Information shown
═══
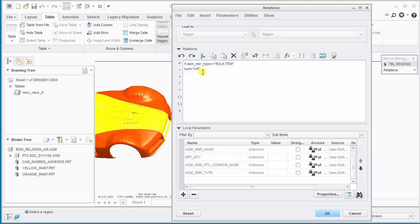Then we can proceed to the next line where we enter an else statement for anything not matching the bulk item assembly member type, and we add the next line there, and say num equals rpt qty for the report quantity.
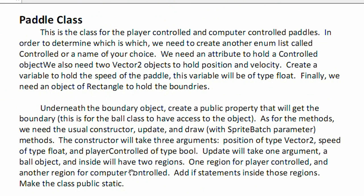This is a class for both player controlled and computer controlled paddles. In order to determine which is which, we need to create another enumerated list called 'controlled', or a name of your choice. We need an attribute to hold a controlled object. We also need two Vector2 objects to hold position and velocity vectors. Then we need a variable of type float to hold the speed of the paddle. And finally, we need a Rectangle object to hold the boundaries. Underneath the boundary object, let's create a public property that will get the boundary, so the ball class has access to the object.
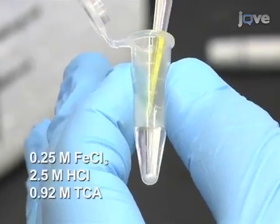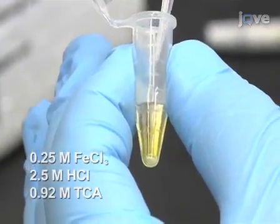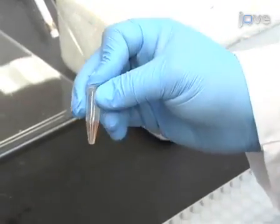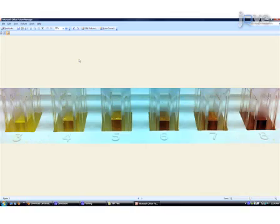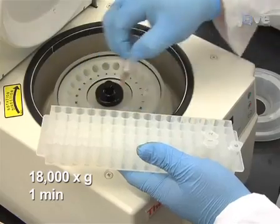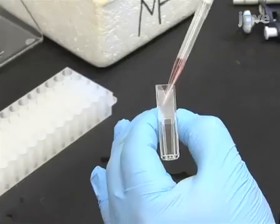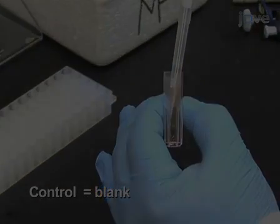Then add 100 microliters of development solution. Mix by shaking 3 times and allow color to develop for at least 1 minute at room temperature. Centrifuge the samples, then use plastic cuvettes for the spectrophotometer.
═══
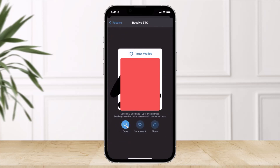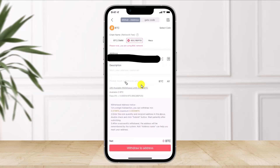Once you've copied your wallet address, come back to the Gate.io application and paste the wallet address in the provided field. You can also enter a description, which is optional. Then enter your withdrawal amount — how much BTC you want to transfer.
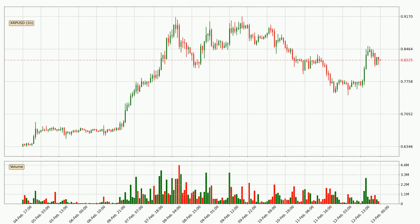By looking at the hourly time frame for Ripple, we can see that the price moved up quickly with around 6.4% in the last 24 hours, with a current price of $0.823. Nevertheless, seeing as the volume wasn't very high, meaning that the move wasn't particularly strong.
═══
Required action
Leave the pictures out. Output, exactly, the lines of the material above starting at the line containing "Once you've copied" and ending at the line containing "By looking at".

Output of the task
Once you've copied your wallet address, come back to the Gate.io application and paste the wallet address in the provided field. You can also enter a description, which is optional. Then enter your withdrawal amount — how much BTC you want to transfer.
By looking at the hourly time frame for Ripple, we can see that the price moved up quickly with around 6.4% in the last 24 hours, with a current price of $0.823. Nevertheless, seeing as the volume wasn't very high, meaning that the move wasn't particularly strong.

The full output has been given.